Each group would naturally contain its model-specific metadata as
group attributes. Yet all three groups are from the RCP 8.5 scenario.
Should a future version of CF discuss/adopt conventions such that the
RCP 8.5 metadata (e.g., "Scenario" below) could be placed once as
global metadata at the root level of cmip5.cdl where it would
therefore apply (through inheritance) to each top-level group?
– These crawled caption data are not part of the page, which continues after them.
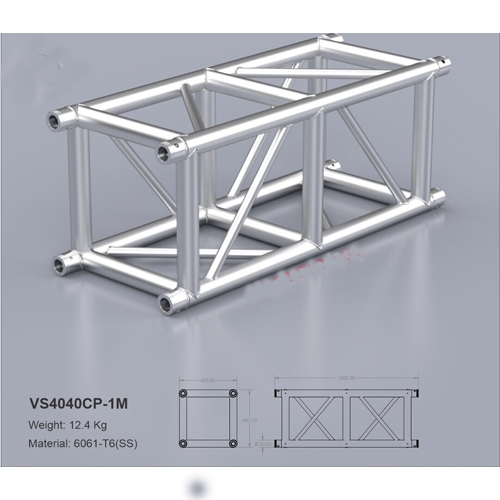 khung-truss-connector-400mm-khuc-1m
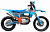 Мотоцикл GR8 F300L (4T NC300S) Enduro OPTIMUM (2024 г.)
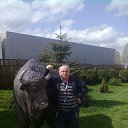 ���� ������, ���������, 66 ��� - ��������� 22 ������� 2016 � ������ ���� ����������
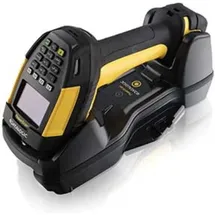 Datalogic PowerScan (2D-Barcodes, 1D-Barcodes), Barcode-Scanner,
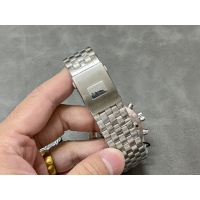  IWC スーパーコピー インターナショナルウォッチカンパニー パイロットウォッチ クロノグラフ IW377709【ZF工場出品】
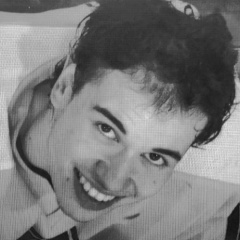 Александр Мурзагалин, 16.06.1987, Череповец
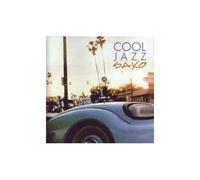Cool Jazz/Saxo: Gerry Mulligan, Chet Baker Etc.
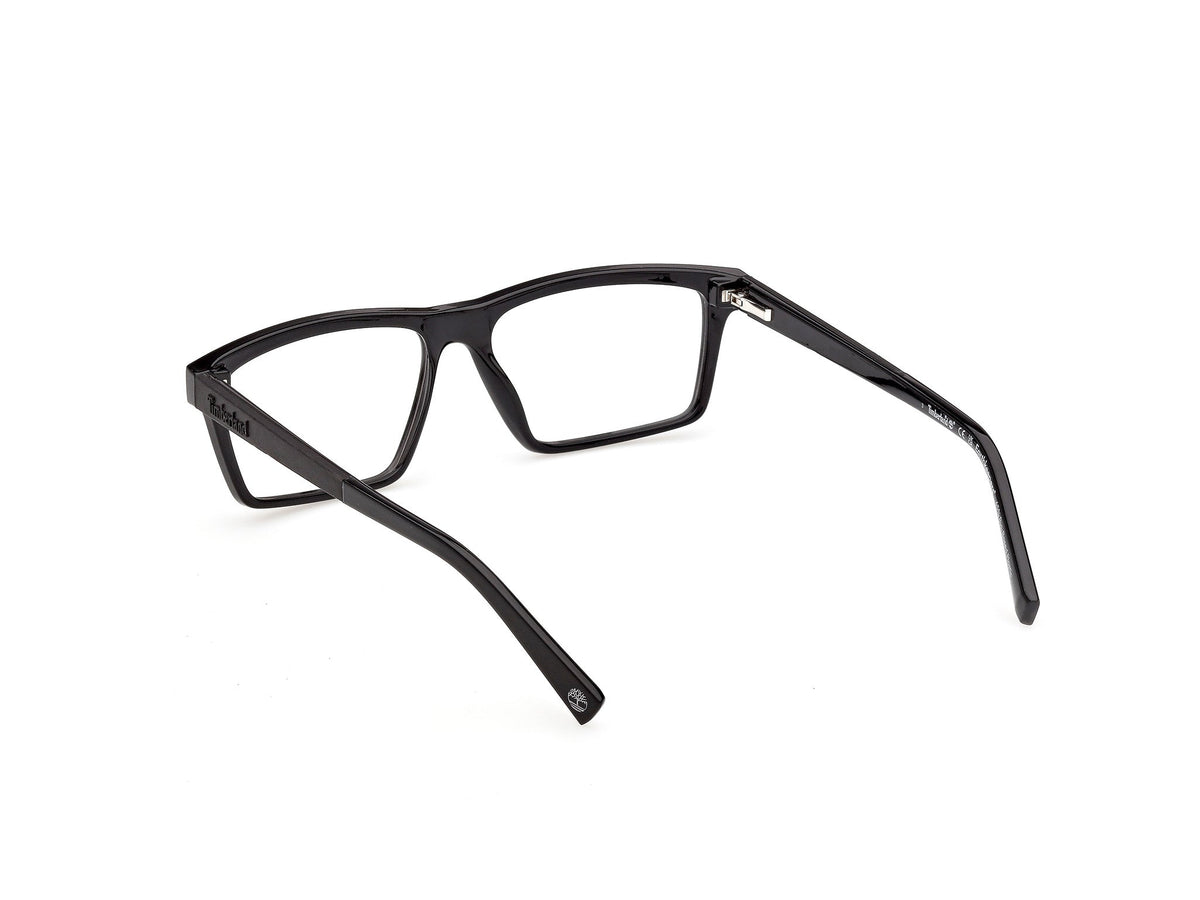 Prescription Glasses Timberland TB50091 001 56 / 54 15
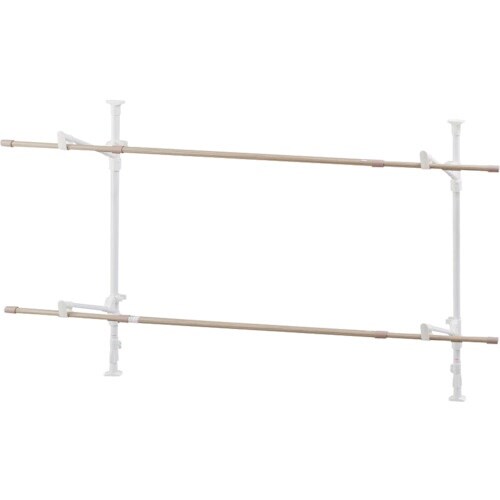 hqhr@QWUPOW@ؖڒg@PX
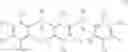 Fig. 08 - Positive photosensitive insulating resin composition and cured product thereof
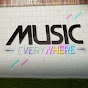 MusicEverywhereNet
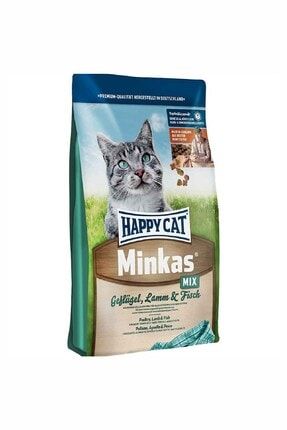 Kedi Mamasi Markalari Fiyatlari Ve Indirimleri Trendyol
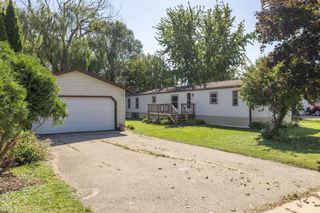 403 Green Acres AVENUE, Tomah, WI 54660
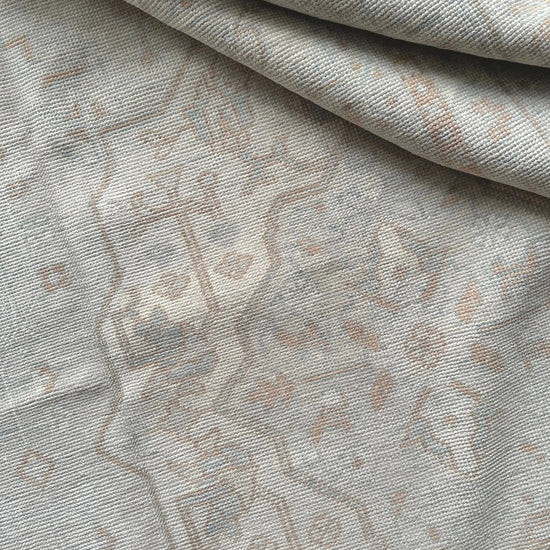 Sawyer New Production Pre-Order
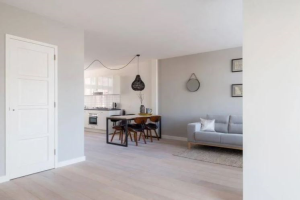 Te huur: Studio Jonckbloetlaan, Eindhoven - 1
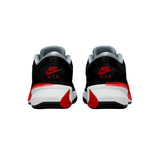 Nike Zoom Freak 5 Black / Red  DX4985-004 Men's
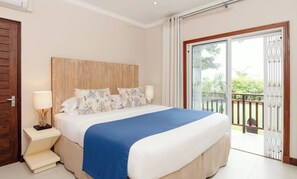 Roupas de cama premium, camas com colchões pillow-top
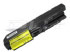 Dlh LI-ION 10.8V-4600mAh-50Wh (IIMM788-B050P4) Dlh LI-ION 10.8V-4600mAh-50Wh (IIMM788-B050P4)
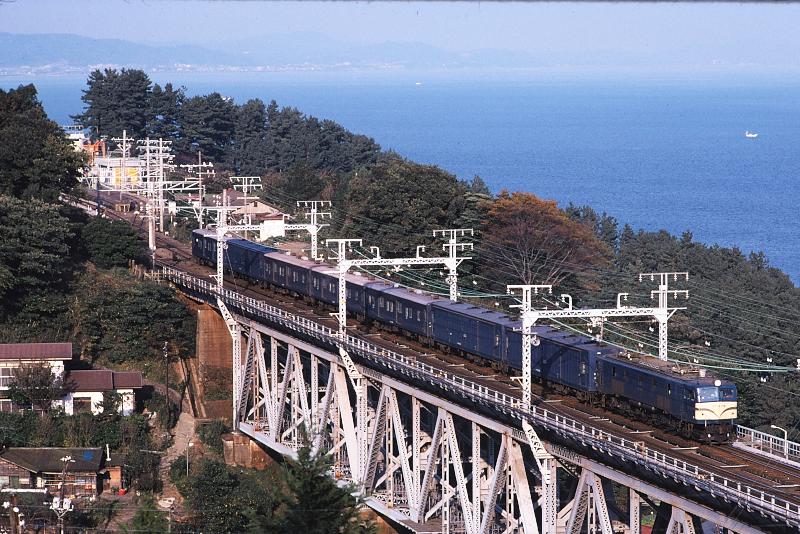 _d6c5964.jpg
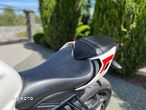 Triumph Street Triple - 26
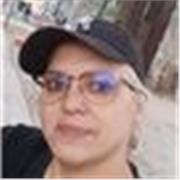 Profesora de Enseñanza Basica y Educacion inicial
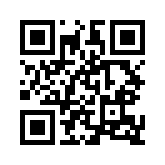 QR-Code https://ppt.cc/utkG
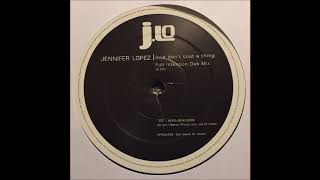 Jennifer Lopez  Love Dont Cost A Thing Full Intention Dub 2000 [upl. by Dudley]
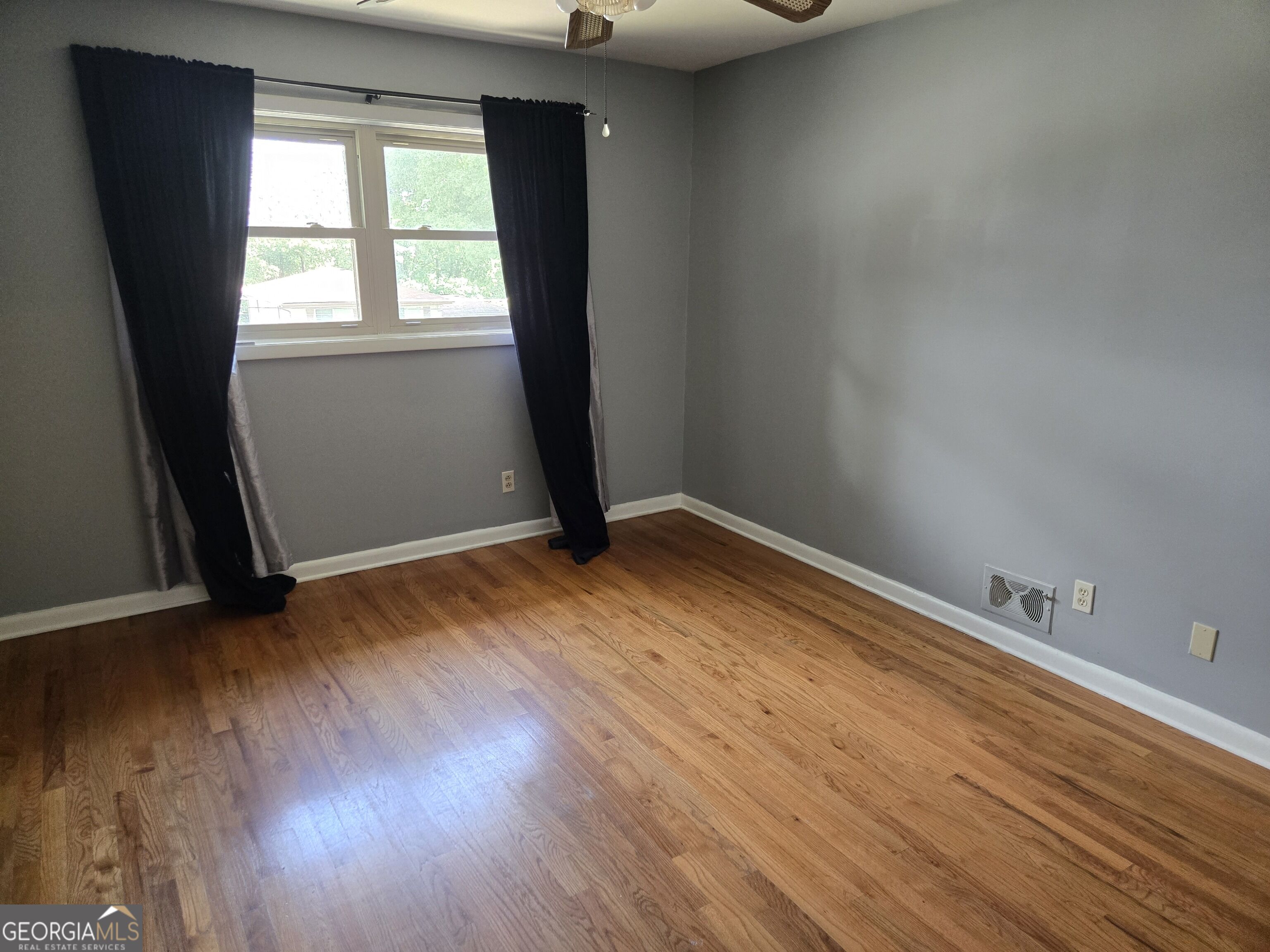 1793 Cherry Valley Circle Se Property Photo 10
An equivalent example would be where the hierarchical file contains
as groups an ensemble of realizations of a specific model. In that
case, would it be OK to put the model-generic metadata at the root
level such that each ensemble-realization-group would inherit it?
If group attribute inheritance is not supported then many hierarchical
files will have a lot of duplicated metadata (including "Conventions"
and "history" attributes).

CDL example discussed is appended below.
Please excuse the lack of CF annotations/compliance :)
Wanted to keep it short and oriented toward issue at hand.

Best,
cz

// ncgen -k netCDF-4 -b -o ~/nco/data/cmip5.nc ~/nco/data/cmip5.cdl

netcdf cmip5 {
  :Conventions = "CF-2.x";
  :history = "yada yada yada";
  :Scenario = "RCP 8.5";

  group: cesm {
  dimensions:
  time=unlimited;
  variables:
  float tas(time);
  :Model = "CESM";
  data:
  tas=272,272,272,272;
  } // end cesm

  group: ecmwf {
  dimensions:
  time=unlimited;
  variables:
  float tas(time);
  :Model = "ECMWF";
  data:
  tas=273,273,273,273;
  } // end ecmwf

  group: giss {
  dimensions:
  time=unlimited;
  variables:
  float tas(time);
  :Model = "GISS";
  data:
  tas=274,274,274,274;
  } // end gfdl

} // end root group


Le 17/09/2013 02:10, Bryan Lawrence a ?crit :
> Hi Folks
>
> CMIP5 is illuminating in a number of ways ... not least because it is
> impossible to come up with a *natural* hierarchy for consumers of the
> data (as opposed to the producers). But even the producers have
> different ways of organising their material (running members of
> different ensembles all at once, or all members of one ensemble at
> once), then the data has to be published and versioned ... and all of a
> sudden there is no natural hierarchy for CMIP5 (although everyone will
> have their own idea of what it could be ... )
>
> The advantage of a flat system of objects, which can be linked into
> multiple hierarchies by a layer of metadata/indirection (call it what
> you like) becomes obvious in that context ... you can do faceted browse
> (and faceted assemblage of groups). So it's not so obvious to me that
> Charlie's examples are so compelling ... (indeed, even the NASA examples
> aren't so compelling when you consider some of the data use, which
> immediately requires us to extract and replicate the data into smaller
> granules in some cases ...)
>
> Which leads me naturally onto CF. I think there *is* a case for thinking
> about how we use hierarchical attributes in CF (indeed, we've just been
> arguing about it in another context with the concept of file attributes
> and variable attributes). We could resolve this once and for all by
> establishing a convention for CF which says how we *will* do group
> attributes as they become necessary. (I still think we will eventually
> want vector concepts more naturally represented in files, even though I
> think files should not be our one view of the world.)
>
> However, the argument about file and field attributes applies here. What
> (I think) we're talking about (thus far) for groups is metadata
> aggregation and is simply a *file based convention* for simplifying
> storage, so that when the file gets unpacked, the data model says the
> attributes are owned by each individual group member. If it's just that
> on the table, then I'm OK with this.
>
> The scope issue on the other hand, opens a can of worms, and I hope I've
> demonstrated with the CMIP5 preamble, that' it wont be that obvious to
> resolve.
>
> Bryan

-- 
Charlie Zender, Earth System Sci. & Computer Sci.